If you zoom out, the session reveals the underlying tensions: New Mexico is facing real pressure to try to grow its economy, protect affordability, and respond to climate impacts that people can feel. Decision-makers agree that those pressures are real, but there was little alignment this session on how to address these issues together. The interim is where the real work must happen.
Missed opportunities and unfinished work for reliability and affordability
The core of Advanced Energy United’s work this session focused on modernizing the grid and lowering costs for New Mexicans.
The New Mexico GRID Act (HB 311) would have established a framework for virtual power plants (VPPs), requiring electric utilities to develop VPP programs with transparent, open-access tariffs, clear compensation guardrails, and protections for consumer choice.
Tens of thousands of New Mexicans are already investing in distributed energy resources (DERs) such as home batteries, smart thermostats, rooftop solar, and EV chargers. These resources can be pooled together to reduce or shift electricity use, or supply additional power, when demand is high. HB 311 would have created a structure to do this, reducing strain on the system and helping to avoid building expensive new infrastructure.
Without a clear VPP framework, New Mexico risks relying more heavily on costly, outdated infrastructure, rather than leveraging the flexible resources already in New Mexico homes and businesses to support a more reliable and affordable grid.
Why this bill, and many others, stalled
The session’s political and structural pressures help explain why many bills did not advance to the Governor’s desk.
The failure of SB 18, the Clear Horizons Act, underscored how quickly ambitious proposals can be reframed as “cost risks” in such a short session. SB 18 would have codified statewide emissions targets into law. It failed on the Senate floor, with seven Democrats joining Republicans to vote it down stating that it was an “impossible mandate” and a direct threat to New Mexico’s economy.
At the same time, New Mexico’s rapidly growing electricity demand, driven by data centers and other large electricity users, is creating urgency about where power will come from, how quickly it can be delivered, and who pays when new infrastructure gets built. SB 235, the Microgrid Oversight Act, highlighted how contentious “growth pays for growth” questions can get and why guardrails around large-load self-supply proposals matter. While we did not support SB 235 as drafted, the debate it triggered still surfaced a real underlying challenge for state lawmakers: managing large load growth without shifting costs or risks onto other customers.

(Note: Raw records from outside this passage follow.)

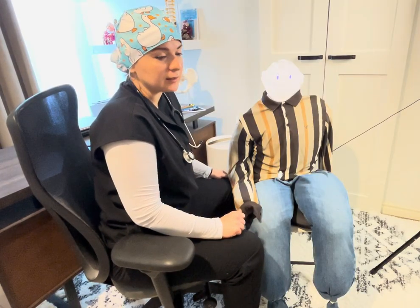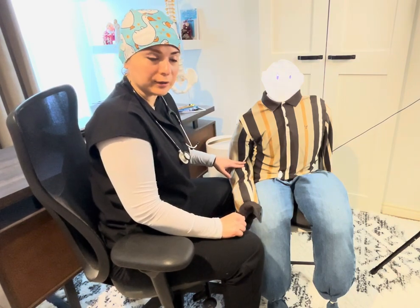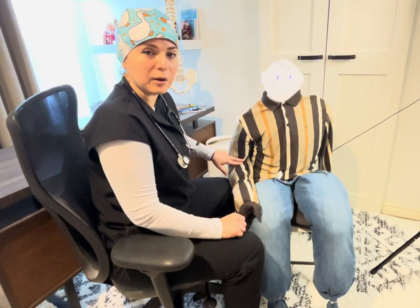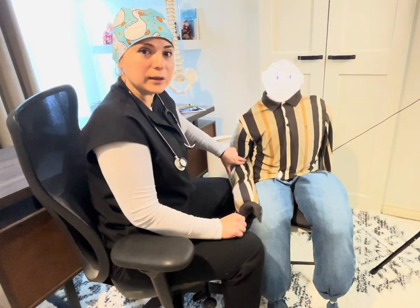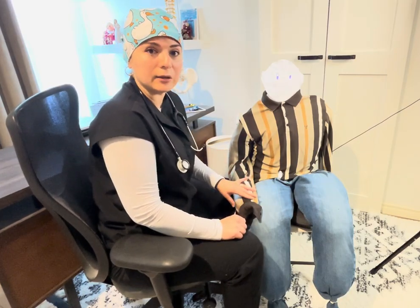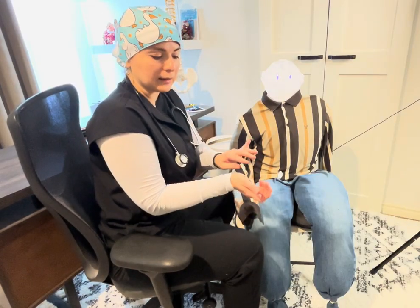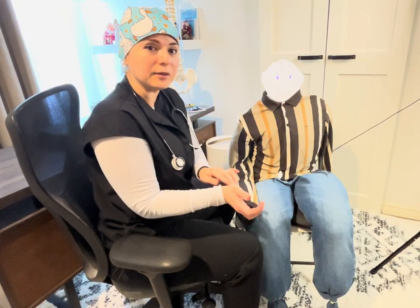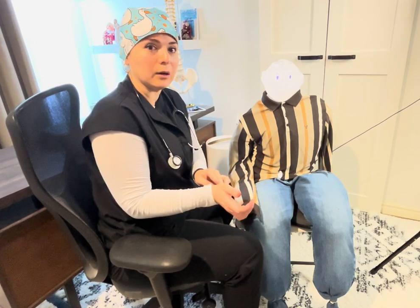First, we need to know how to find two pulses on the upper extremities when checking blood pressure. One is the brachial artery, located about one to two centimeters above the antecubital fossa, slightly toward the medial side. The other is the radial pulse from the radial artery, located at the base of the thumb, slightly toward the medial part.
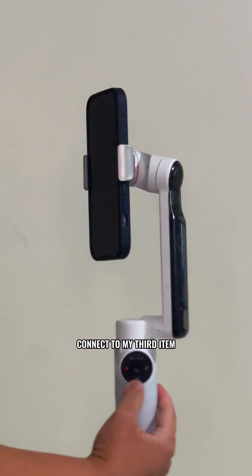My go-to kitchen filming gear lately is this overhead phone mount. It features a ring light with three color modes and adjustable brightness, plus a retractable rod for height control. Switching between portrait and landscape modes is a breeze, and its lightweight design makes it easy to move around when I need a change of scenery.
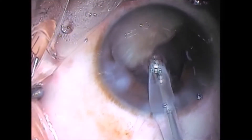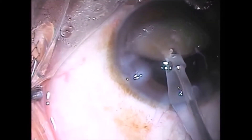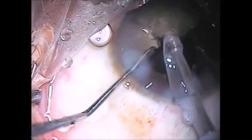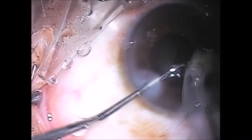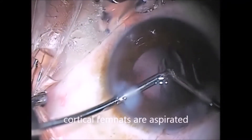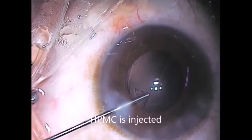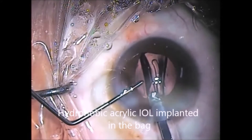This half is then carefully emulsified. Care is taken so that no piece of nucleus gets near the equatorial rent. Cortical remnants are aspirated. As you can see, there is no fold in the posterior capsule, so the rent must be in the equatorial region.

The failure of these bills creates a new challenge for New Mexico lawmakers. The state must find practical solutions that protect energy reliability and affordability while avoiding long-term costs.
The work ahead
New Mexico’s 30-day session highlighted both the opportunities and constraints of a compressed legislative calendar, but the challenges this legislative session faced are not going away.
This next interim session is where things must get done. In the coming months, our focus will be on advancing practical solutions that leverage lower-cost consumer technologies to support the grid and reduce costs, as well as examining how homes and businesses can reduce peak demand and lower costs through smarter building electrification and load management strategies. HB 311 provides a good starting point for this work, even if it didn’t fully advance this session.
New Mexicans deserve a grid strategy that’s built around cost control and reliability first, using flexibility and smarter planning to avoid overbuilding the most expensive options. We will continue working with policymakers, tighten our coalition, sharpen the proof points, and make sure the next run is built for the actual rules of the game in Santa Fe.